A Democrat vs. NLRB
Finally, a Democrat puts his state and his constituents before party.
As the former chairman of the N.C. Democratic Party, I am not only disinclined to criticize organized labor, but am rather sympathetic to their cause. The bigger question at play, however, is not why one side of this argument pressed hard for job protection, but why the NLRB chose to deny another area’s competitive advantage?
The unemployment rate in South Carolina is 10.9 percent, the third highest in the United States. Unemployment in North Carolina is 10.1 percent. Washington State’s rate is 9.3 percent. In light of these statistics, the NLRB should not be denying job creation investment in any location, save for egregious violations of worker rights. This case does not qualify.

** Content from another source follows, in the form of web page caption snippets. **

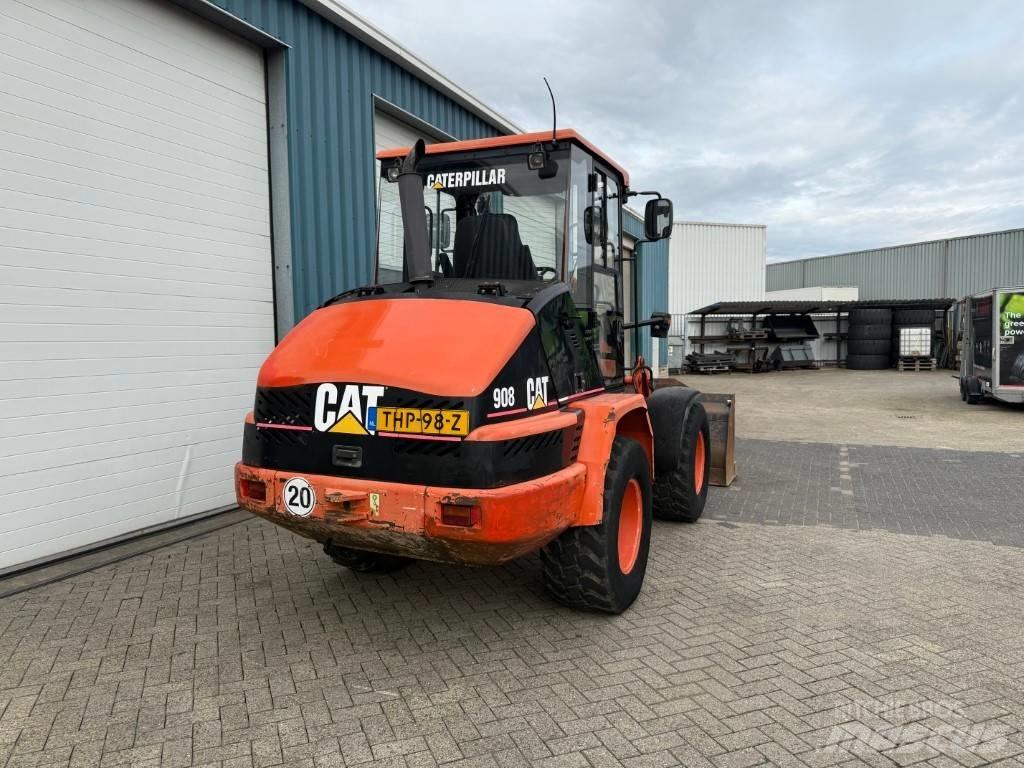 CAT 908 Ładowarki kołowe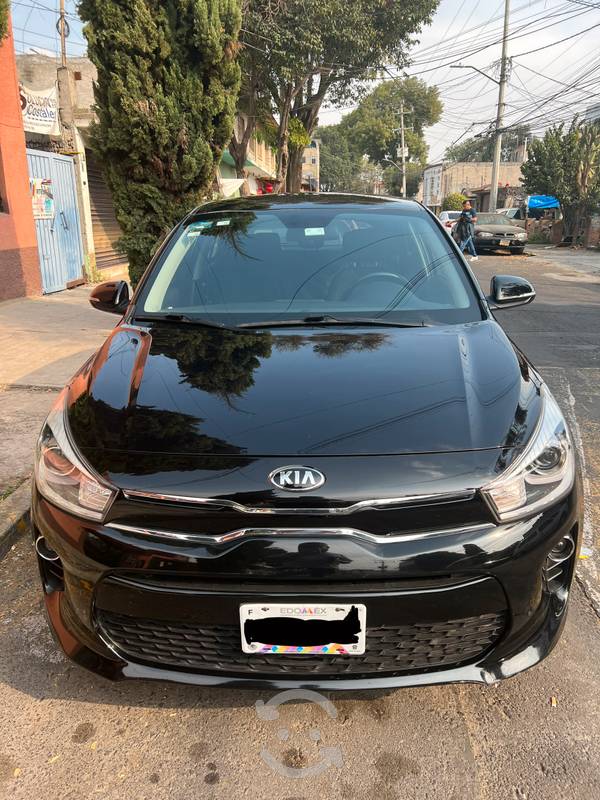 Kia Río |  hatchback en Tlalpan, Ciudad de México por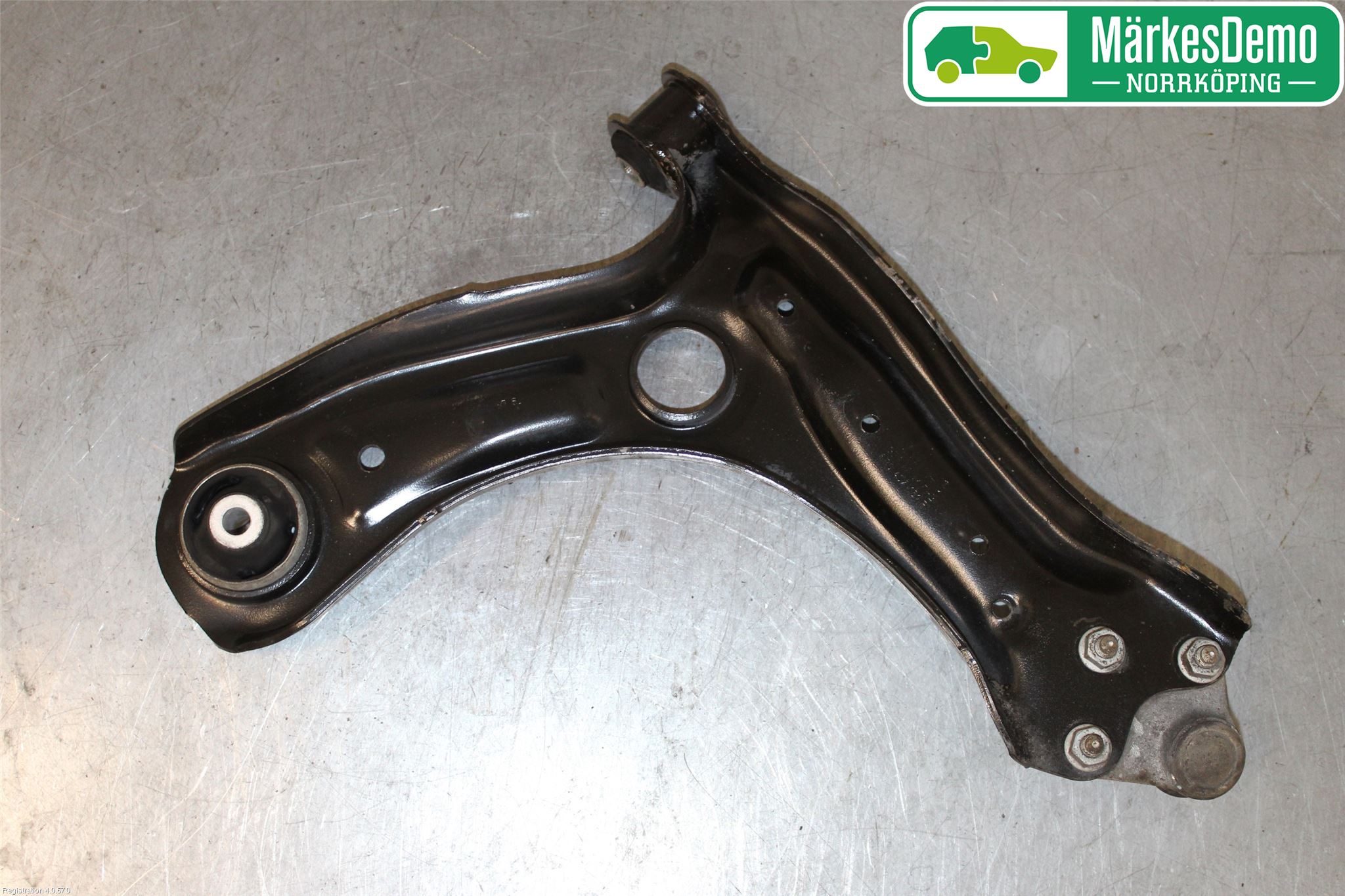 Volkswagen VW POLO 10-17 Bærearm Foran Venstre Nedre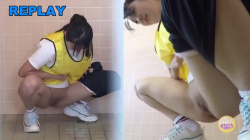 体育終わりのJKがトイレに間に合わず床に放尿する姿を隠し撮りwwの画像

So what can be done to reverse this action? This week, Congress will consider HR 2587, the Protecting Jobs from Government Interference Act. This legislation states simply that its goal is to “prohibit the National Labor Relations Board from ordering any employer to close, relocate, or transfer employment…” North Carolina’s congressional delegation (including our seven Democratic Congressmen and Sen. Kay Hagan) and President Obama should support HR 2587.
Agreed. There is absolutely no reason to favor Washington over South Carolina… except, perhaps, that South Carolina is a right-to-work state and Washington isn’t, which may have been the deciding factor for the union-dependent Obamacrats.